There are no strong forces in Asia, in general, to go against those companies. Due to culture issues and regulatory framework, hedge funds here have not been aggressive in pursuing those opportunities.

Q: What type of accounting abuse is there?

A: For example, revenue recognition. We are seeing some companies booking revenue on a gross revenue basis, which will massively inflate their revenue.

A lot of companies also have unfair related party transactions, such as acquisitions. They may be paying inflated price to a small business, which is damaging to minority shareholders.

Also, there is no segregation of duties between the CEO and the chairman. Often, the CEO and the chairman might have already committed some violation, such as inter-party lending.

Q: If like you say, accounting fraud is widespread, your short position based on accounting abuse might take a long time to materialize, or may never materialize?

A: Shorting is very difficult. You need to have faith in your investment decision, and also have guts. You have to strongly believe that companies that utilized accounting frauds to maximize short-term profits, the issue will surface eventually.

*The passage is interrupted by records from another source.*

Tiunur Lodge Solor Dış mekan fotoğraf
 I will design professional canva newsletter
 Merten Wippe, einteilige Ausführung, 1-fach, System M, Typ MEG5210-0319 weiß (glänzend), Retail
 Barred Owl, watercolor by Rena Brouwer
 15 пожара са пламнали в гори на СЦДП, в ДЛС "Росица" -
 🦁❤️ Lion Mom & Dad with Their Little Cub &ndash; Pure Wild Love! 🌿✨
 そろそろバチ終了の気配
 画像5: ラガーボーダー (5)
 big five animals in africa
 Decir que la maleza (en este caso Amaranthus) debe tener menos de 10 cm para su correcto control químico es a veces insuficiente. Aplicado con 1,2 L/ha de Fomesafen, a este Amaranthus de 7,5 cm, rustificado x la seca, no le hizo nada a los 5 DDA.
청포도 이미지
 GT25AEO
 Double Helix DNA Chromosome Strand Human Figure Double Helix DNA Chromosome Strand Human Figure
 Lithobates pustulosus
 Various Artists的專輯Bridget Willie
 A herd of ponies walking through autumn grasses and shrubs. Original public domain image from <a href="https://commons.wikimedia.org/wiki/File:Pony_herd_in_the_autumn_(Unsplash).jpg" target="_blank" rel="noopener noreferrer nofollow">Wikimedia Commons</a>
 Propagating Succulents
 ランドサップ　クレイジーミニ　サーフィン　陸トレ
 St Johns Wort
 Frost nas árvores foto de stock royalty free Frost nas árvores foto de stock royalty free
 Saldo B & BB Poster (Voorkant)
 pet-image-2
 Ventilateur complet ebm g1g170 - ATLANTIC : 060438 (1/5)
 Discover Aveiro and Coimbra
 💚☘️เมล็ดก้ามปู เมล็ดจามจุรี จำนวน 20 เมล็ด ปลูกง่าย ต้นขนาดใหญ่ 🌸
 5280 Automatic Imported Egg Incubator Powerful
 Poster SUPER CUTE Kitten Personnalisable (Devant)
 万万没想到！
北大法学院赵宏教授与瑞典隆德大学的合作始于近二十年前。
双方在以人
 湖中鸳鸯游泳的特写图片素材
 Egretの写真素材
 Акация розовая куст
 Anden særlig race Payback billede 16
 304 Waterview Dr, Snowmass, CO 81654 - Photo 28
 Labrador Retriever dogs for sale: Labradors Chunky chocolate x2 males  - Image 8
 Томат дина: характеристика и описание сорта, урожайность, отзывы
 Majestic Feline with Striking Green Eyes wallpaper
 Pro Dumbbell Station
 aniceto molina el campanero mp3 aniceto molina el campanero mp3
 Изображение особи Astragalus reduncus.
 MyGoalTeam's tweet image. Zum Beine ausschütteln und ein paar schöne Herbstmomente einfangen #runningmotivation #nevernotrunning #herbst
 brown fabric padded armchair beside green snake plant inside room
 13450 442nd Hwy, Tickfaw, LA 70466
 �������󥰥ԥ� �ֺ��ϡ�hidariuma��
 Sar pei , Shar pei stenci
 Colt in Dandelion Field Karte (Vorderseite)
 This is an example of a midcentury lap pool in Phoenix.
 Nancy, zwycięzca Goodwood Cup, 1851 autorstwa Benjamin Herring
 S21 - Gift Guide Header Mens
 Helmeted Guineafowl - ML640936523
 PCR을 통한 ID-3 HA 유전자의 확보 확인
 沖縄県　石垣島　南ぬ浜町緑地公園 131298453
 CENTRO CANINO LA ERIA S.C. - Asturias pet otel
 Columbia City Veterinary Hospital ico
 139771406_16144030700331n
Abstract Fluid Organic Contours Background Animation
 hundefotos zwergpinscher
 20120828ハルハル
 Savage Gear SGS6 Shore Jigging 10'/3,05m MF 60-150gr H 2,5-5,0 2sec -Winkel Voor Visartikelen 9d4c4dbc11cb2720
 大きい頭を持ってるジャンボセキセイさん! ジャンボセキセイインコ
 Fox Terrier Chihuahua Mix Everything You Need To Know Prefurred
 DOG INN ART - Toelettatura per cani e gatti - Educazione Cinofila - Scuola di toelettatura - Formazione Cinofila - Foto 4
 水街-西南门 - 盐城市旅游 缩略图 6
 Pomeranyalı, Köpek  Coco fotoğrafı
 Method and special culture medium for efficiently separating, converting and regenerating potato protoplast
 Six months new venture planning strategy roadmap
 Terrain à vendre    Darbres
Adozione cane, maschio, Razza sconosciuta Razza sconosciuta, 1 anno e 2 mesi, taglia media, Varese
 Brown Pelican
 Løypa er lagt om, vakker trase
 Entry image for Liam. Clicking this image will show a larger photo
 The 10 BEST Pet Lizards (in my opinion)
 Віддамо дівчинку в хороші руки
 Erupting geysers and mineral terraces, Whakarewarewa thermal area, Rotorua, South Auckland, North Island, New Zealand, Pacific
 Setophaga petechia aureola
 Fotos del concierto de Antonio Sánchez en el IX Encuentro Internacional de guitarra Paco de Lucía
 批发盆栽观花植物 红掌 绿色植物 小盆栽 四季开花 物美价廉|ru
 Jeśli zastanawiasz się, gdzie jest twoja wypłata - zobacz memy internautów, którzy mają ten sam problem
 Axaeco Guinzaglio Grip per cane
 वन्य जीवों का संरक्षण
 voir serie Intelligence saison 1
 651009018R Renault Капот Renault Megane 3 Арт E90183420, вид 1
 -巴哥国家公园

But sometimes, you might just be too early. The key is to keep a pace on the investment. Maybe initially putting only a small position, and add on the cost gradually.

Q: What do you think should be done to help improve the situation?

A: The Hong Kong Stock Exchange is still quite relaxed on independent director rules. In the U.S., if you are listed on the mainboard, the majority of the directors need to be independent. But in Hong Kong, the requirement is only one-third.

There is also no regulation on class action lawsuit in Hong Kong. As a minority shareholder, you can still sue a company, but it's very difficult and costly.

But in the class action lawsuit in the U.S., the lawyers actually get involved. They get contingency payment if the lawsuit is successful. So the government needs to set up a better framework for minority shareholders to enforce changes.

Q: Aside from accounting fraud, what other short opportunities do you see?

A: We are seeing a lot of companies whose business models are becoming obsolete. For example, in the education sector, we are seeing the online business taking market share and profit from the offline business.

We also see that a lot of companies let the market think they are doing something, but in reality they are doing something else. The key is to read the small prints in their securities filings. Not a lot of investors are paying attention to this, so this could be very good short opportunities too.